How the Choir Converted the World (Emmaus Road Publishing)

Music is an essential part of every society. It's art. It's a distraction. It elicits emotions. It's how people express themselves. It's how history is recorded and stories are remembered. Music is also a vital part of religion. In his latest book, How the Choir Converted the World, Mike Aquilina tells us how effectively the earliest Christians used music.

The book begins by taking us back to the Old Testament. The Babylonian Exile has ended. The Temple has been rebuilt. The people have been purified. And then, we have music! Aquilina then takes us even further back and shows us who was Biblically credited with creating the first instruments (Jubal). We also see references to Miriam's song, the walls of Jericho, and the many Psalms of David. The second chapter details music as it was used with pagan sacrifice. Aquilina even goes so far as to compare ancient Roman culture with our culture and how the music and entertainment then was just as abhorrent as what passes today for music in popular culture.

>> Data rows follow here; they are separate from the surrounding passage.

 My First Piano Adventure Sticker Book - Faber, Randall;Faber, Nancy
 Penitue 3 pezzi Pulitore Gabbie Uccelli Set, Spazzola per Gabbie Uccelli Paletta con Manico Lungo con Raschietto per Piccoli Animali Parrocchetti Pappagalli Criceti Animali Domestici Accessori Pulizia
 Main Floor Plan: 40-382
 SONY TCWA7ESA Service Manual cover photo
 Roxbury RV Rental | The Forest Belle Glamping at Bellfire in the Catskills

The book then walks us through important figures and moments Church music history. It begins by discussing music in the times of Apostles, which leads to Ephrem, Ambrose, and Augustine. The book ends with a chapter dedicated to the Te Deum and a closing chapter about what we need to make music more central to our Church again. Aquilina firmly believes that if we utilized music the way the early Church did, then we could change the world for the better.

As with all of Mike Aquilina's books I have read, he shows a great deal of research and scholarship to argue his case effectively. I really like that he continues to focus heavily on the early Church, as it is sadly a forgotten time that more Christians could benefit from learning about. As someone who doesn't have a musical bone in his body and therefore doesn't appreciate music as much as I should, I walked away from this book a lot wiser and more informed. I normally attend an early enough Mass during the week, specifically because there is no singing. However, having learned about both the history and significance of music in the early days of the Church, I realize now that I should not avoid music, merely because I lack the ability to beautifully make it, but I should seek it out and let it transform my life. In doing so, hopefully, I can make a little difference, and slowly perhaps we can transform and convert the world.

This book was provided to me for free by Emmaus Road Publishing in exchange for an honest review.